Sound familiar? The New York and Chicago industrialists of yesterday are now Bay Area tech moguls of the present, and have embraced the far-right ideology of Hearst and Ford. Elon Musk was accused by French President Emmanual Macron of foreign election interference due to his comments on X that seemingly endorsed the German far-right party Alternativ für Deutschland (AFD) in the upcoming elections. Musk, who gave a gesture that was similar to a Nazi salute at an inaugoral celebration speech. Mark Zuckerburg, CEO of Meta (formerly Facebook) ended fact-checking on Meta platforms, including Facebook and Instagram, and ended DEI poliecies at the company.
The comparisons between the “Broligarchy” and the Industrialists stop there. Step into any metropolis in the US: there is undoubtly a museum wing, a park, a school, or a library named for Rockefeller, Carnegie, Pritzker, Crown, JP Morgan. These men, while yes: being disgustingly wealthy, also took philanthropy deeply seriously (even if they had a name on a plaque in response). Andrew Carnegie, a self-made billionaire, wrote “The Gospel of Wealth” in 1889: in it he described inherited wealth as “injudicious”, and advocated for the distribution of wealth to the public benefit within a lifetime. When he died in 1919, Carnegie had given away almost 90 percent of his wealth. Cases like this leave MAGA with a (even worse) taste in your mouth.
Trump’s oligarchy is rooted in-and funded by- Big Tech.
This brings us back to TikTok. Trump’s oligarchy is rooted in tech moguls like Chew, the fact that he would workout some behind-the-scenes deal to bring the immensely popular app back makes sense for a populist.

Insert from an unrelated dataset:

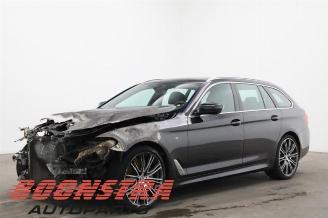 damaged passenger cars BMW 5-serie 5 serie Touring (G31), Combi, 2017 540i xDrive 3.0 TwinPower Turbo 24V 2018/8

What makes less sense, however, is the fact that Trump himself called for the ban in 2020, reversing course only recently. The message users received adds to the ingratiation of tech to MAGA: although Trump was inaugurated Monday, the message over the weekend referred to him as “President,” forgoing the accurate “-elect” in the title.
The quick turnaround hints at a plot for popularity. Ronald Reagan has been alleged to have pulled off an “October Surprise” in 1980, in which the Republican’s campaign conspired with the Iranian government to detain American hostages for prolongued time in Iran, resulting in the loss of Jimmy Carter. Even earlier, in 1968, Nixon and his campaign colluded with South Vietnamese officials to sabotage President Lyndon B. Johnson’s peace talk attempts to end the Vietnam War. Nixon’s efforts, named the Chennault Affair, were one reason for Johnson’s exit from the race and Nixon’s prevail.
If the last eight years have taught us anything, it is that Trump and conspiracy go hand-in-hand.
For any doubters of this scheme, the bill got widespread bipartisan support in the House, where it passed in April with a 360-58 vote, and SCOTUS voted to uphold in an unanimous decision- 3 justices of which Trump himself nominated. In the midst of his final few days in office, Biden said that the enforcement of the TikTok ban would fall to Trump, meaning that TikTok removed its services from U.S.-based users on their own accord.
To put it crassly, TikTok and Trump have served bullshit on a silver platter, and users are eating it up. The oligarchy is here; but instead of New Money East Coasters who build museums and libraries, it’s chronically online, former incels who give their children names like “X Æ A-12” and donate hundreds of millions for the pompous inaugural activites of fascists. The days of Gilded Age oligarchy are over; it’s the entering of the Broligarchy.
While some dazedly celebrate the return of TikTok by doomscrolling, other creators have avoided returning to the legal muck. TikTok was fun, I had a good time, and it is okay to be sad. But to condemn the removal as censorship, or to praise Trump as the Messiah of TikTok, is unspeakably dangerous to democracy.